Supplied information START

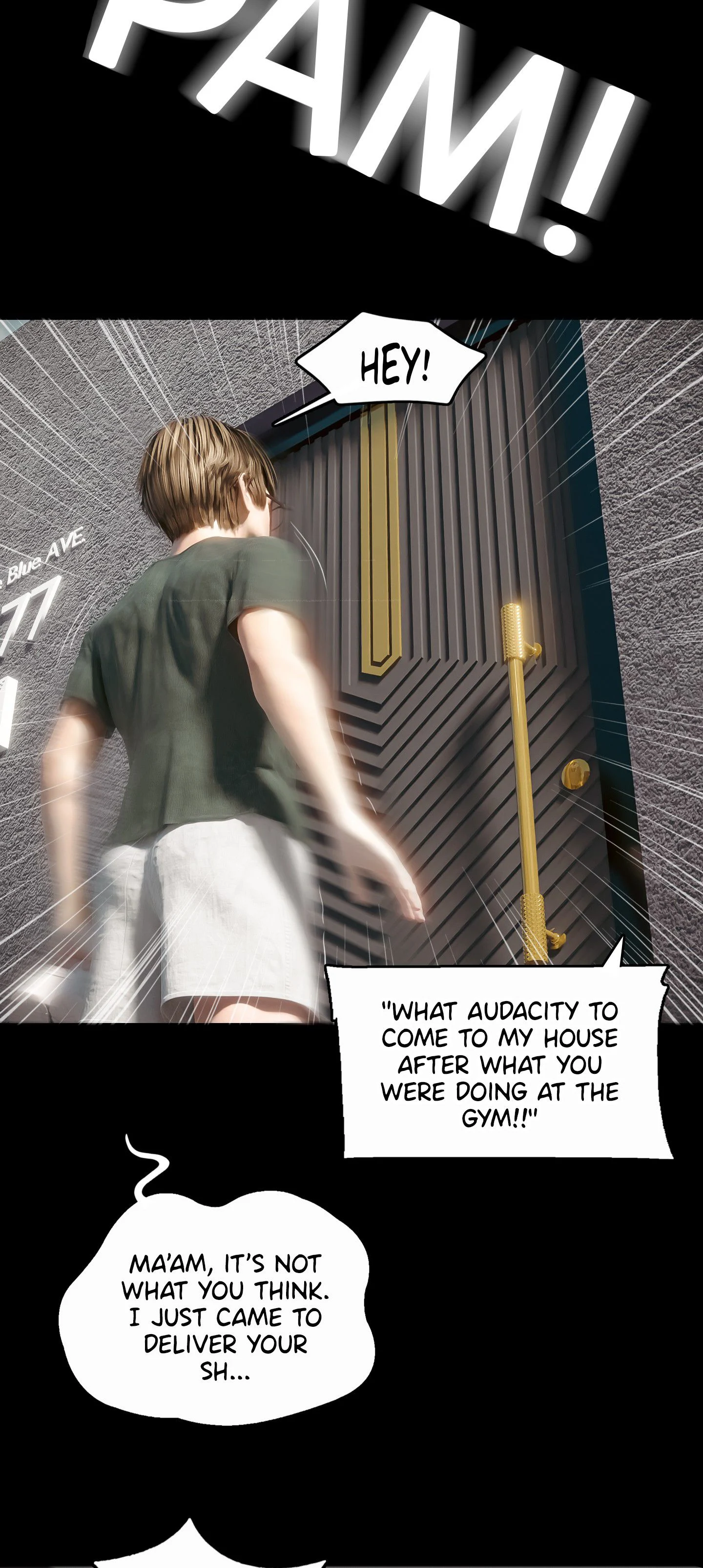 My Neighbor’s Widow [Rose Blue 3D] 13 . My Neighbor's Widow - Chapter 13 [Rose Blue 3D] – page 23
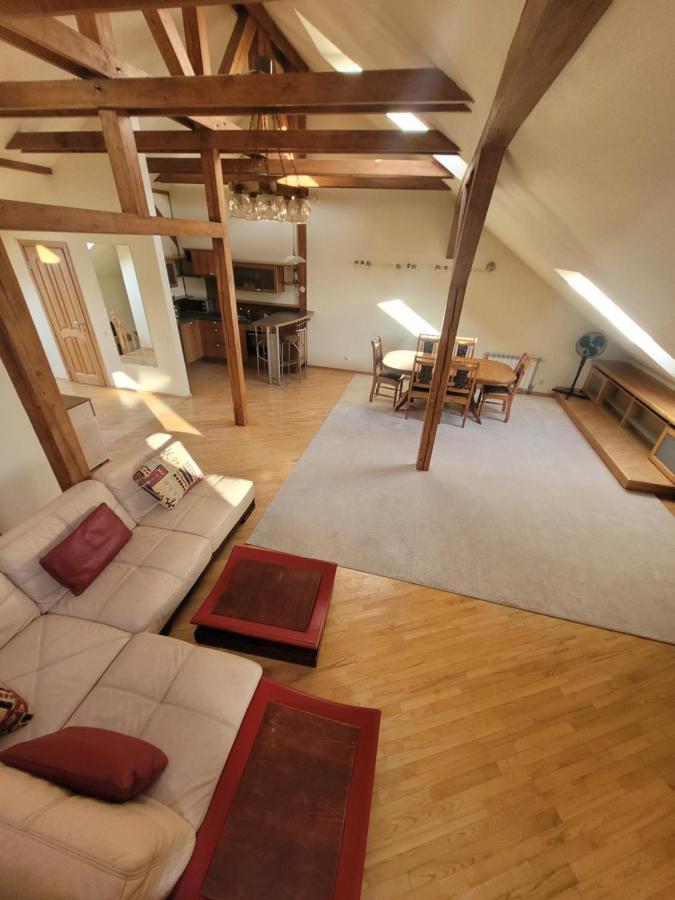 Apartmán D-Mansard, Free Parking, Self-Check-In Klaipėda Exteriér fotografie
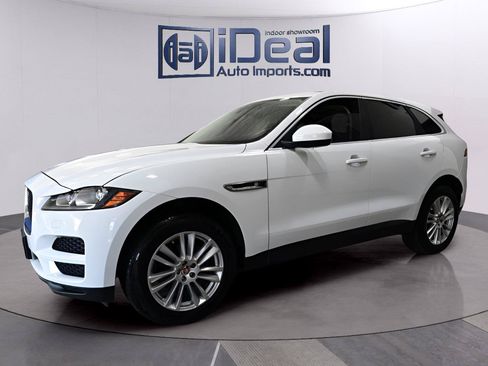 Used 2020 Jaguar F-PACE Prestige AWD/4WD image 1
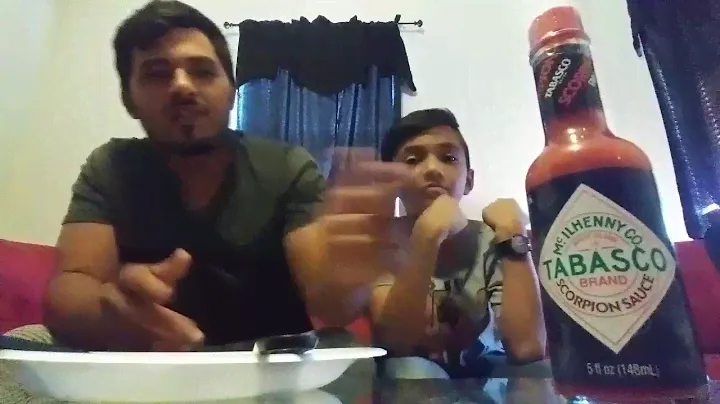 Tabasco Scorpion Scorchin' Hot Challenge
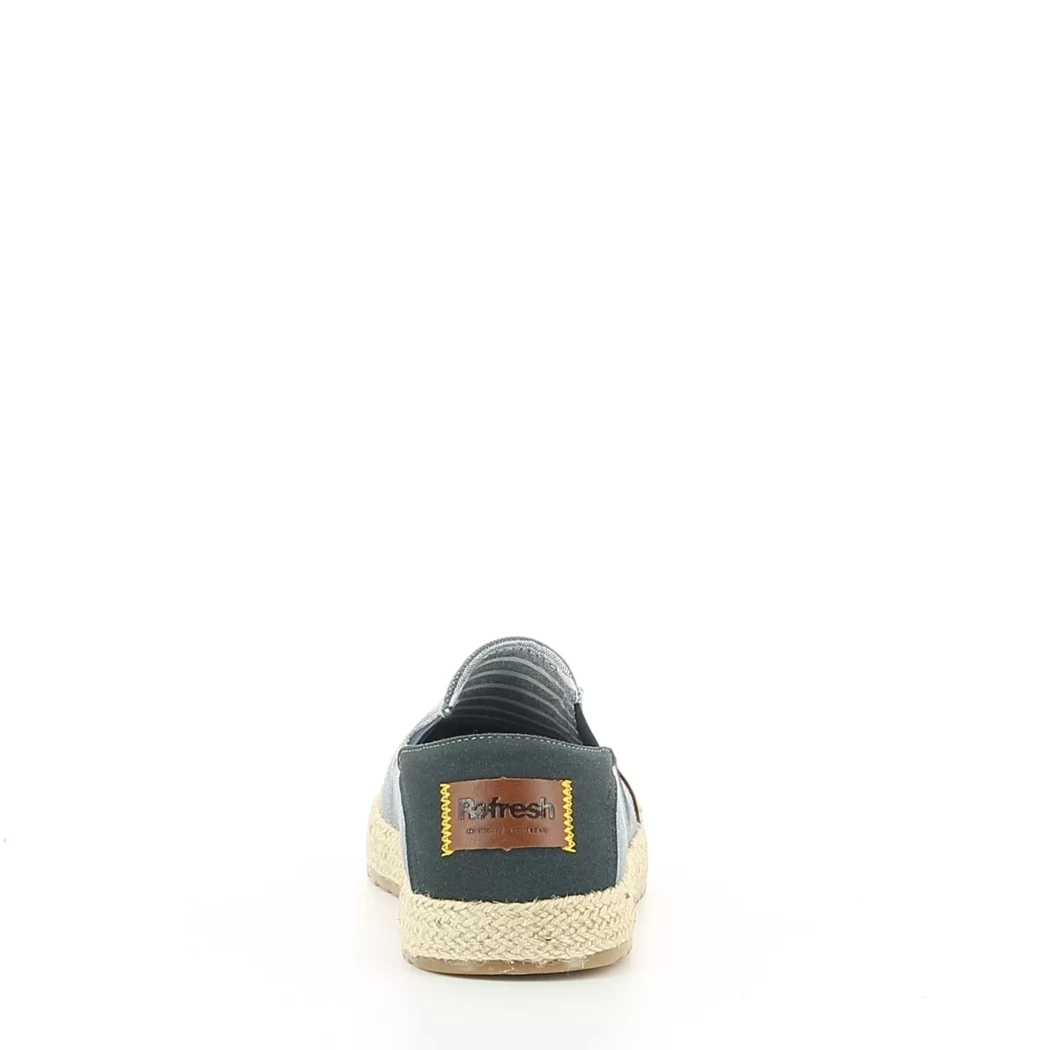 Image (3) de la chaussures Refresh - Baskets Bleu en Textile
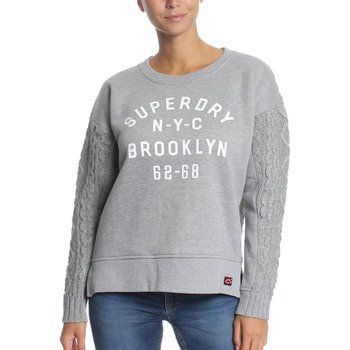 Bluza damska Superdry Fusion-Line Logo sweter-M - Superdry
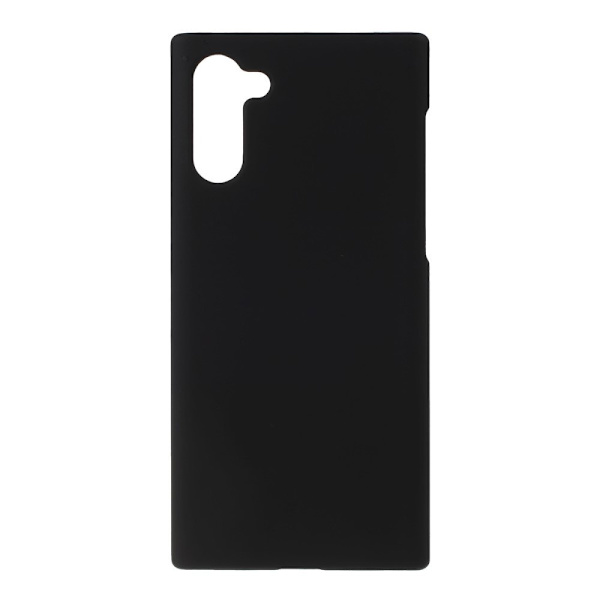 Rubberized PC Hard Casing - Samsung Galaxy Note 10 - Musta Black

Supplied information END

> _About this task_
Apart from the images, every line above needs to be printed again exactly.

> _Response_
 My Neighbor’s Widow [Rose Blue 3D] 13 . My Neighbor's Widow - Chapter 13 [Rose Blue 3D] – page 23
 Apartmán D-Mansard, Free Parking, Self-Check-In Klaipėda Exteriér fotografie
 Used 2020 Jaguar F-PACE Prestige AWD/4WD image 1
 Tabasco Scorpion Scorchin' Hot Challenge
 Image (3) de la chaussures Refresh - Baskets Bleu en Textile
 Bluza damska Superdry Fusion-Line Logo sweter-M - Superdry
 Rubberized PC Hard Casing - Samsung Galaxy Note 10 - Musta Black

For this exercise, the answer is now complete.